全員にお金を配るシステムがちゃんと整備されていない一番大きな背景はこれです。つまりめったに使われないからです。

ただし、リーマンショック後の定額給付金や今回のコロナの特別定額給付金など、国民全体が困っている非常事態には、政府は全国民への給付を実施しています。

こうした給付金はまさに、非常時の備えといってよいでしょう。
第二波も想定されるので、遠くないうちに再度の給付金の必要が出てくる可能性もあります。

生活に困った人に迅速に給付金を配るための制度や最適なシステムの整備は、緊急事態に平時から備えるために急務と思います。

4.デジタル化によって政策そのものも自由になる

そもそも、今回どういう経緯で全国民に一律10万円の給付が支給されるという意思決定がなされたか覚えていますでしょうか?

当初、一次補正予算には、収入が減少して低所得になった一部の世帯に30万円を給付するという案で閣議決定されていました。

これについて、収入の確認など要件が細かいので給付に時間がかかる、一部の世帯しか救われないのでは困るといった意見が多かったので、「多くの人に迅速に配る」ために一律10万円の給付に急遽方針を変更して、補正予算案を作り直しました。

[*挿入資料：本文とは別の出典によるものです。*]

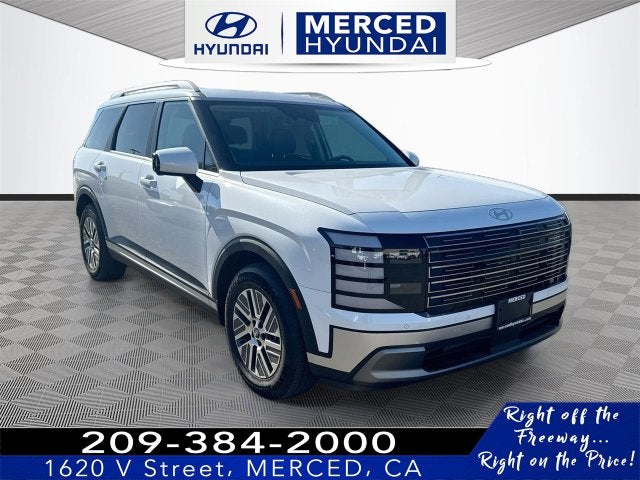 2026 Hyundai PALISADE HYBRID Blue SEL Premium 8 Passenger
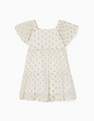 Zippy - White Tulle Dress, Baby Girls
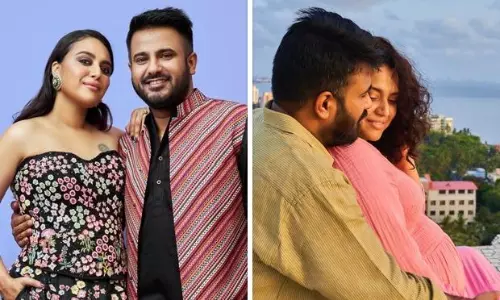 Swara Bhasker Schools Troll for Calling Husband ‘Chhapri’, Internet Applauds Her Bold Reply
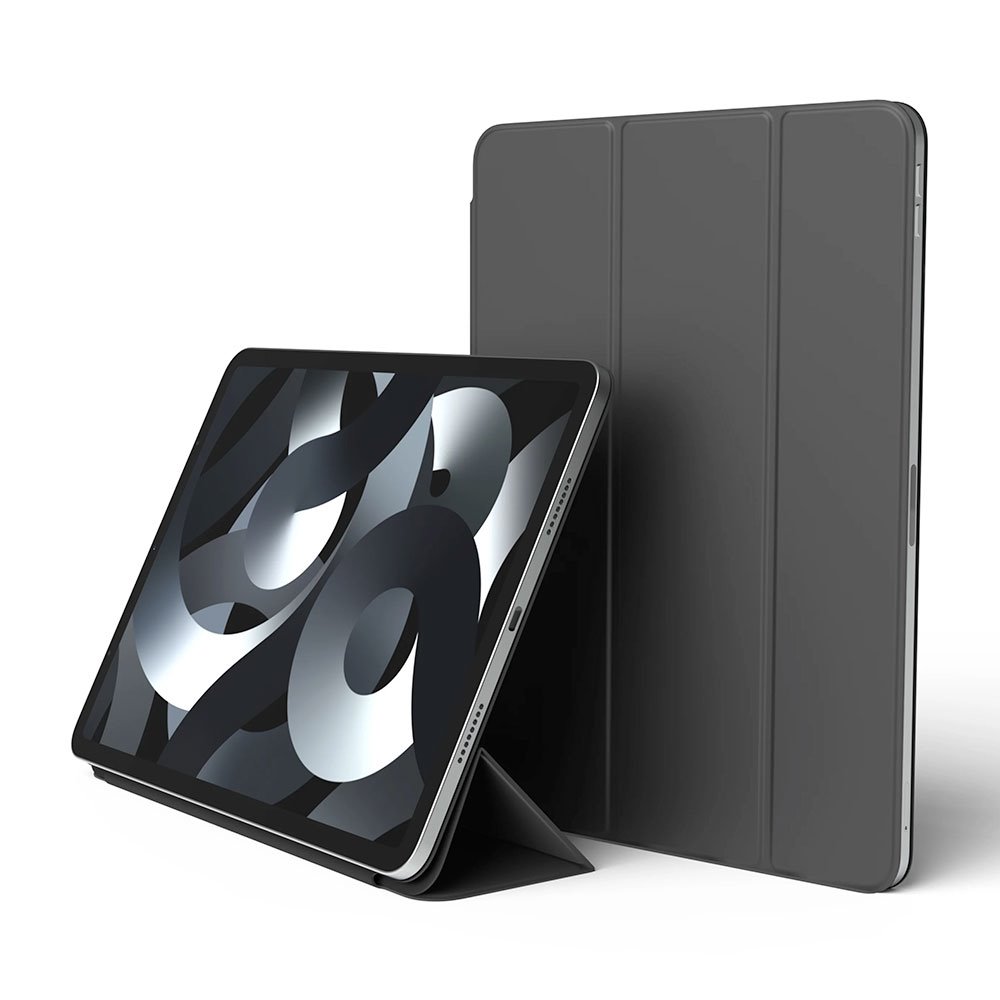 Elago puzdro Magnetic Folio Case pre iPad Air 11" M1/M2/M3 - Dark Gray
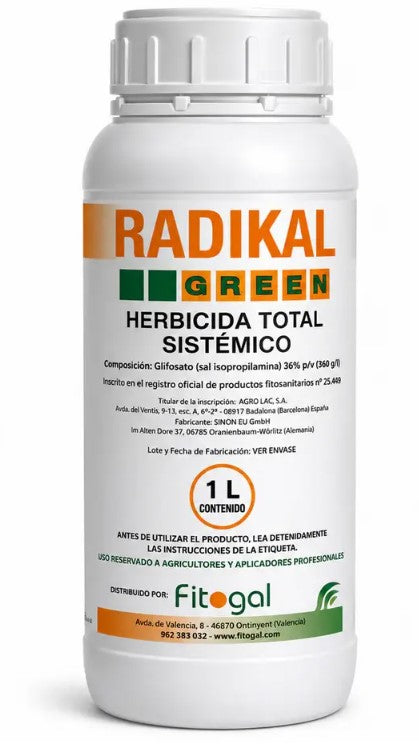 All-Purpose Agricultural Cleaner 1L – Fast Acting Formula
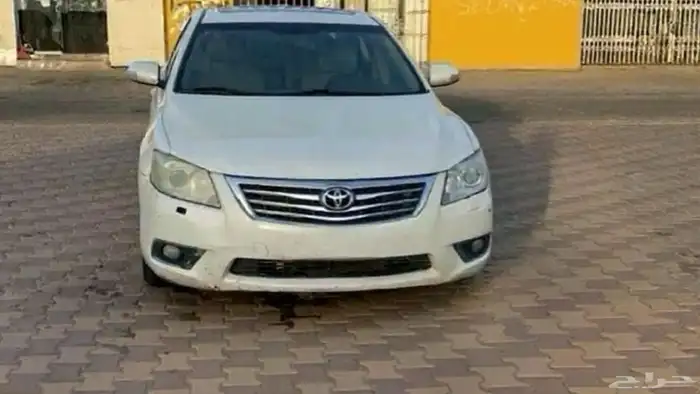 للبيع سيارة تويوتا اوريون موديل 2011 ((مالك أول)) 2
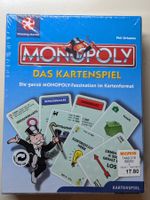 Monopoly - Das Kartenspiel [neu&OVP]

つまり、多くの人に迅速に配ることを優先した結果、特に失業したり収入が減少したりしていない人やお金持ちにも配ることを決定したわけです。
これによりどのくらいの予算を増やす必要があったでしょうか?

約4兆円 ⇒ 約12兆9000億円
8.9兆円増えたわけです。

8.9兆円がどのくらいの規模かというと、年間の消費税収の3.5%くらいです。
1年間、消費税を10%から13.5%に上げないとまかなえない規模です。

早く配るために、必ずしも給付金がなくても困らない人にも配ったわけです。これ、実は行政がデジタル化していないことが政策の選択肢を大きく狭めてしまっています。

所得データや職業などの情報を給付部門が活用できるようにすれば、例えば直ちに所得が減少せず、失業のリスクもなく、所得の高い人を対象とせずに迅速に配ることができるわけです。

そうすれば、より少ない支出で本当に困っている人を迅速に救う制度設計ができる納得感の高い政策決定ができるようになります。

勝手に所得の情報という個人情報を役所に使われるのは、なんだかこわいと思うかもしれません。

でも、実は全く新しいことではなくて、今でも普通に使われているのです。

これは、別に新しいことではなく、実は法律の根拠があれば可能です。
例えば、低所得の年金受給者に上乗せの給付をする年金生活者支援給付金制度という法律に基づく給付がありますが、「前年の公的年金等の収入金額※とその他の所得との合計額が879,300円以下」という細かい所得の条件があります。

この所得の証明のために申請者は、わざわざ課税証明書などの添付書類をつける必要はありません。法律の根拠があり年金生活者支援給付金の支給事務を行う年金事務所が市町村から所得情報の提供を受けるからです。

児童手当、奨学金、生活保護、児童扶養手当、保育園や幼稚園、公営住宅、各種社会保険料の低所得者向けの減免など様々な給付事務で活用されています。

ただし、こうやって所得の情報を活用するためには、法律の根拠が必要なのです。
特別定額給付金は法律の根拠なく予算措置で配ったものなので、上にあげた既存の現金給付のように個人情報を役所側がシステムを使って調べることができません。

経済危機や災害の際の給付も平時から特別給付金を支給する法律を定めておけば、様々な既存の給付金と同様に情報連携が可能になるので、国民の申請の手間も減りますし、支給事務の簡素化を図りつつ、細かな制度設計が可能となります。

平時から、こういう制度面の備えをしてもよいと思うのですがいかがでしょうか。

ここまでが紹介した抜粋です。